* Problem to work on *
Reproduce the whole listing, character for character.

* Material shown *
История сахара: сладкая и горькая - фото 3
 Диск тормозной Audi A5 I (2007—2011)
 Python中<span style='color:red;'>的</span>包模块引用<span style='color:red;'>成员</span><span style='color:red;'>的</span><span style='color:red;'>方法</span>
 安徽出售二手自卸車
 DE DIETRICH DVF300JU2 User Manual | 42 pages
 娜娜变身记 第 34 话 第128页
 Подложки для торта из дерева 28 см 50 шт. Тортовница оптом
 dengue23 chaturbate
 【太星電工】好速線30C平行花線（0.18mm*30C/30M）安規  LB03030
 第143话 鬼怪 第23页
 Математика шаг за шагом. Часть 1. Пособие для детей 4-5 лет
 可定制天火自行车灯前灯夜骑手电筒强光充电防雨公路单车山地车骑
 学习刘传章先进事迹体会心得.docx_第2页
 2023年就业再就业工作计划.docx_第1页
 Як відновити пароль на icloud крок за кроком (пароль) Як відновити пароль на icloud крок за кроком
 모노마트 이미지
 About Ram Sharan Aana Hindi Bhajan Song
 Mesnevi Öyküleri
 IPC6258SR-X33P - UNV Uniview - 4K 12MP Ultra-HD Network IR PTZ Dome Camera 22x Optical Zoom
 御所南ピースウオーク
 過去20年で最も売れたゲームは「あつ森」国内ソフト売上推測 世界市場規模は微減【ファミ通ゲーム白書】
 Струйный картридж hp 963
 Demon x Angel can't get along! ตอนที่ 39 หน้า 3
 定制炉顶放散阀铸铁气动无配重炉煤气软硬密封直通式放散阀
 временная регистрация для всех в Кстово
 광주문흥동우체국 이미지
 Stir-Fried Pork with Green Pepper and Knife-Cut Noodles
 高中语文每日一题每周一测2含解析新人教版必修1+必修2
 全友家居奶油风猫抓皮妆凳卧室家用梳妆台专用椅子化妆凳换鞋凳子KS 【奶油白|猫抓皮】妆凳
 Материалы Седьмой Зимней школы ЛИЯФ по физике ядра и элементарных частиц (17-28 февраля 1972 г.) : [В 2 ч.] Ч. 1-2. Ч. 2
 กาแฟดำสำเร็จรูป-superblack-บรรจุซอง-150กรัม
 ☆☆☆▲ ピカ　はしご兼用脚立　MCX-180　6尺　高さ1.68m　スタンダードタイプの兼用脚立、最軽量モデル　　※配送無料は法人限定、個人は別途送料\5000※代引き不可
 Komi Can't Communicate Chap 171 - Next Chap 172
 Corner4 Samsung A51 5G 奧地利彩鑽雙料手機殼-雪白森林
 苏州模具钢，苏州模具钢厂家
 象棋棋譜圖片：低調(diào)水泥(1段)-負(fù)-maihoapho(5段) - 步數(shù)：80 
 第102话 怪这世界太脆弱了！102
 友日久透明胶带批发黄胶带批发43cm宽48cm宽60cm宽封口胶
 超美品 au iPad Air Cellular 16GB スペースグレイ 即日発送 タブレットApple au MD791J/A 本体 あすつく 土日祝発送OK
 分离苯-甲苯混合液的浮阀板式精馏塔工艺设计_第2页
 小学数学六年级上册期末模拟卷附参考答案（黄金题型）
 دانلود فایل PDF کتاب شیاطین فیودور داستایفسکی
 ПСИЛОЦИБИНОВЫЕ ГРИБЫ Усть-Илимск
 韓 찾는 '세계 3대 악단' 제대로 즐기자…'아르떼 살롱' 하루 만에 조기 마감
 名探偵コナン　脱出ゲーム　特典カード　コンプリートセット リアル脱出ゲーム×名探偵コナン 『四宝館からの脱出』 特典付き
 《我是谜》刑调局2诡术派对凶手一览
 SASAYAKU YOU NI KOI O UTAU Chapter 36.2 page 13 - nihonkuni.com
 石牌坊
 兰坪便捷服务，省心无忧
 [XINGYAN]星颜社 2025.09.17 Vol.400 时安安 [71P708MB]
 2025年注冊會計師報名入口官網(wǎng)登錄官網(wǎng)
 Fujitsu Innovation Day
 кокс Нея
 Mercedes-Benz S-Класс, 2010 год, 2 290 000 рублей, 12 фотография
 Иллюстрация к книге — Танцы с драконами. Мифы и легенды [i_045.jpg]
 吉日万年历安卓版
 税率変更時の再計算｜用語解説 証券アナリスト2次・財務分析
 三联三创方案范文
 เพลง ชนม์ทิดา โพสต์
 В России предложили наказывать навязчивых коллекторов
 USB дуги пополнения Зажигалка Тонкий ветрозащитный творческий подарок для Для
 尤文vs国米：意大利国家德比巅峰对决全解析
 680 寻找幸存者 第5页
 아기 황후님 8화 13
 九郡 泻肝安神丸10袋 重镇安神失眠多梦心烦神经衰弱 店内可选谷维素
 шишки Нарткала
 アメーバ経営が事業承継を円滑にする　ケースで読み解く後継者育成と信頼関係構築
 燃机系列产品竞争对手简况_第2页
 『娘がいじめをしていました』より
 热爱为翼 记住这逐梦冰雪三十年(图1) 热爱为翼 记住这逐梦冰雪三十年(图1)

* Answer space *
История сахара: сладкая и горькая - фото 3
 Диск тормозной Audi A5 I (2007—2011)
 Python中<span style='color:red;'>的</span>包模块引用<span style='color:red;'>成员</span><span style='color:red;'>的</span><span style='color:red;'>方法</span>
 安徽出售二手自卸車
 DE DIETRICH DVF300JU2 User Manual | 42 pages
 娜娜变身记 第 34 话 第128页
 Подложки для торта из дерева 28 см 50 шт. Тортовница оптом
 dengue23 chaturbate
 【太星電工】好速線30C平行花線（0.18mm*30C/30M）安規  LB03030
 第143话 鬼怪 第23页
 Математика шаг за шагом. Часть 1. Пособие для детей 4-5 лет
 可定制天火自行车灯前灯夜骑手电筒强光充电防雨公路单车山地车骑
 学习刘传章先进事迹体会心得.docx_第2页
 2023年就业再就业工作计划.docx_第1页
 Як відновити пароль на icloud крок за кроком (пароль) Як відновити пароль на icloud крок за кроком
 모노마트 이미지
 About Ram Sharan Aana Hindi Bhajan Song
 Mesnevi Öyküleri
 IPC6258SR-X33P - UNV Uniview - 4K 12MP Ultra-HD Network IR PTZ Dome Camera 22x Optical Zoom
 御所南ピースウオーク
 過去20年で最も売れたゲームは「あつ森」国内ソフト売上推測 世界市場規模は微減【ファミ通ゲーム白書】
 Струйный картридж hp 963
 Demon x Angel can't get along! ตอนที่ 39 หน้า 3
 定制炉顶放散阀铸铁气动无配重炉煤气软硬密封直通式放散阀
 временная регистрация для всех в Кстово
 광주문흥동우체국 이미지
 Stir-Fried Pork with Green Pepper and Knife-Cut Noodles
 高中语文每日一题每周一测2含解析新人教版必修1+必修2
 全友家居奶油风猫抓皮妆凳卧室家用梳妆台专用椅子化妆凳换鞋凳子KS 【奶油白|猫抓皮】妆凳
 Материалы Седьмой Зимней школы ЛИЯФ по физике ядра и элементарных частиц (17-28 февраля 1972 г.) : [В 2 ч.] Ч. 1-2. Ч. 2
 กาแฟดำสำเร็จรูป-superblack-บรรจุซอง-150กรัม
 ☆☆☆▲ ピカ　はしご兼用脚立　MCX-180　6尺　高さ1.68m　スタンダードタイプの兼用脚立、最軽量モデル　　※配送無料は法人限定、個人は別途送料\5000※代引き不可
 Komi Can't Communicate Chap 171 - Next Chap 172
 Corner4 Samsung A51 5G 奧地利彩鑽雙料手機殼-雪白森林
 苏州模具钢，苏州模具钢厂家
 象棋棋譜圖片：低調(diào)水泥(1段)-負(fù)-maihoapho(5段) - 步數(shù)：80 
 第102话 怪这世界太脆弱了！102
 友日久透明胶带批发黄胶带批发43cm宽48cm宽60cm宽封口胶
 超美品 au iPad Air Cellular 16GB スペースグレイ 即日発送 タブレットApple au MD791J/A 本体 あすつく 土日祝発送OK
 分离苯-甲苯混合液的浮阀板式精馏塔工艺设计_第2页
 小学数学六年级上册期末模拟卷附参考答案（黄金题型）
 دانلود فایل PDF کتاب شیاطین فیودور داستایفسکی
 ПСИЛОЦИБИНОВЫЕ ГРИБЫ Усть-Илимск
 韓 찾는 '세계 3대 악단' 제대로 즐기자…'아르떼 살롱' 하루 만에 조기 마감
 名探偵コナン　脱出ゲーム　特典カード　コンプリートセット リアル脱出ゲーム×名探偵コナン 『四宝館からの脱出』 特典付き
 《我是谜》刑调局2诡术派对凶手一览
 SASAYAKU YOU NI KOI O UTAU Chapter 36.2 page 13 - nihonkuni.com
 石牌坊
 兰坪便捷服务，省心无忧
 [XINGYAN]星颜社 2025.09.17 Vol.400 时安安 [71P708MB]
 2025年注冊會計師報名入口官網(wǎng)登錄官網(wǎng)
 Fujitsu Innovation Day
 кокс Нея
 Mercedes-Benz S-Класс, 2010 год, 2 290 000 рублей, 12 фотография
 Иллюстрация к книге — Танцы с драконами. Мифы и легенды [i_045.jpg]
 吉日万年历安卓版
 税率変更時の再計算｜用語解説 証券アナリスト2次・財務分析
 三联三创方案范文
 เพลง ชนม์ทิดา โพสต์
 В России предложили наказывать навязчивых коллекторов
 USB дуги пополнения Зажигалка Тонкий ветрозащитный творческий подарок для Для
 尤文vs国米：意大利国家德比巅峰对决全解析
 680 寻找幸存者 第5页
 아기 황후님 8화 13
 九郡 泻肝安神丸10袋 重镇安神失眠多梦心烦神经衰弱 店内可选谷维素
 шишки Нарткала
 アメーバ経営が事業承継を円滑にする　ケースで読み解く後継者育成と信頼関係構築
 燃机系列产品竞争对手简况_第2页
 『娘がいじめをしていました』より
 热爱为翼 记住这逐梦冰雪三十年(图1) 热爱为翼 记住这逐梦冰雪三十年(图1)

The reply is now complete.